**Data extract**.
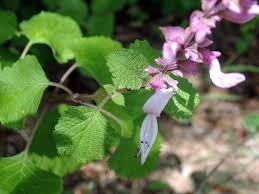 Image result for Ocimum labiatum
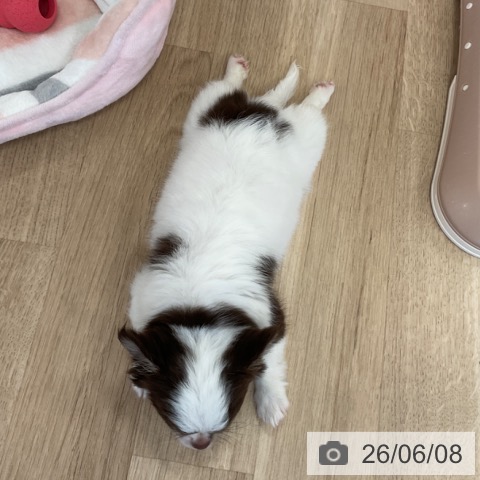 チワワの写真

==

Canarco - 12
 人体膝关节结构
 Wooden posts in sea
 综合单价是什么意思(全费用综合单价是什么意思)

* * *

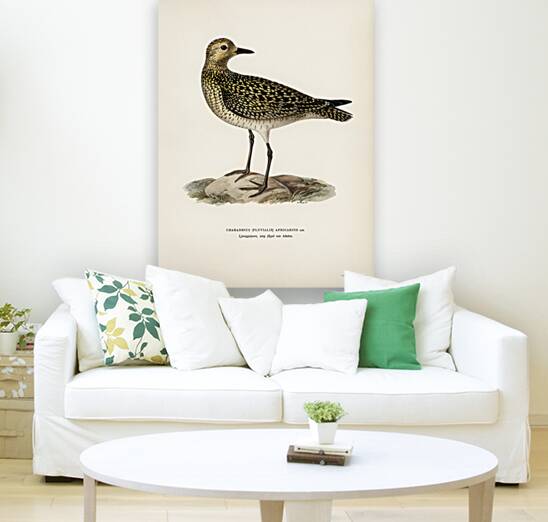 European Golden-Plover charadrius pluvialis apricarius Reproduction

**Prompt**.
Using the entries shown above, reproduce verbatim the lines from the line bearing "Canarco - 12" to the line bearing "综合单价是什么意思(全费用综合单价是什么意思)", inclusive.

**Exercise response**.
Canarco - 12
 人体膝关节结构
 Wooden posts in sea
 综合单价是什么意思(全费用综合单价是什么意思)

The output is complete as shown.